What you are asked to do:
What you return should be the line containing "Galleria mellonella" and each line after it to the end of the records, copied exactly.

Records shown:
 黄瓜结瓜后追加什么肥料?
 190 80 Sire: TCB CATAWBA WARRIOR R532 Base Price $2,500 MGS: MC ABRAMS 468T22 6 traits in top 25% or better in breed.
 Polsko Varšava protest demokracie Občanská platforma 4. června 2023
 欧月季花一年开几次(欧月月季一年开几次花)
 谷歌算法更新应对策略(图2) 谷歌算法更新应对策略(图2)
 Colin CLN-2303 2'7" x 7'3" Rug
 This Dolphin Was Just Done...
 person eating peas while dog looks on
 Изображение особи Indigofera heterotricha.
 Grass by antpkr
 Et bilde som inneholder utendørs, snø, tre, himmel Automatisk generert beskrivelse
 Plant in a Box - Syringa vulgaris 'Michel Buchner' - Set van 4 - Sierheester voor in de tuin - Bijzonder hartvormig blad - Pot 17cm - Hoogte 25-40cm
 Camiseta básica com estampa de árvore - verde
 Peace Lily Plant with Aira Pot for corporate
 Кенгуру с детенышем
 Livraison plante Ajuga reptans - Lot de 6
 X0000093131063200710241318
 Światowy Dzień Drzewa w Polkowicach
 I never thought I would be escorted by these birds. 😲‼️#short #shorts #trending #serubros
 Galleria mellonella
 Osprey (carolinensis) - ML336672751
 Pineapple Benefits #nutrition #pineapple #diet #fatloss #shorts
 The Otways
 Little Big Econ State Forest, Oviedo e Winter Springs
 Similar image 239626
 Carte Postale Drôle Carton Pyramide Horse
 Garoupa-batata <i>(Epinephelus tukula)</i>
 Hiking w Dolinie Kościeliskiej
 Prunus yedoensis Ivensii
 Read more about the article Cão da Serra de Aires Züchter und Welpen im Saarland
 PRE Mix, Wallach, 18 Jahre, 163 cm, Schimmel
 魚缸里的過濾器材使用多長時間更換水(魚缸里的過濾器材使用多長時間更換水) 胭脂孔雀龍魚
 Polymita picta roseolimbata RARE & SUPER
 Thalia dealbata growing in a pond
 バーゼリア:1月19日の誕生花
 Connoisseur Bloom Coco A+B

Response:
 Galleria mellonella
 Osprey (carolinensis) - ML336672751
 Pineapple Benefits #nutrition #pineapple #diet #fatloss #shorts
 The Otways
 Little Big Econ State Forest, Oviedo e Winter Springs
 Similar image 239626
 Carte Postale Drôle Carton Pyramide Horse
 Garoupa-batata <i>(Epinephelus tukula)</i>
 Hiking w Dolinie Kościeliskiej
 Prunus yedoensis Ivensii
 Read more about the article Cão da Serra de Aires Züchter und Welpen im Saarland
 PRE Mix, Wallach, 18 Jahre, 163 cm, Schimmel
 魚缸里的過濾器材使用多長時間更換水(魚缸里的過濾器材使用多長時間更換水) 胭脂孔雀龍魚
 Polymita picta roseolimbata RARE & SUPER
 Thalia dealbata growing in a pond
 バーゼリア:1月19日の誕生花
 Connoisseur Bloom Coco A+B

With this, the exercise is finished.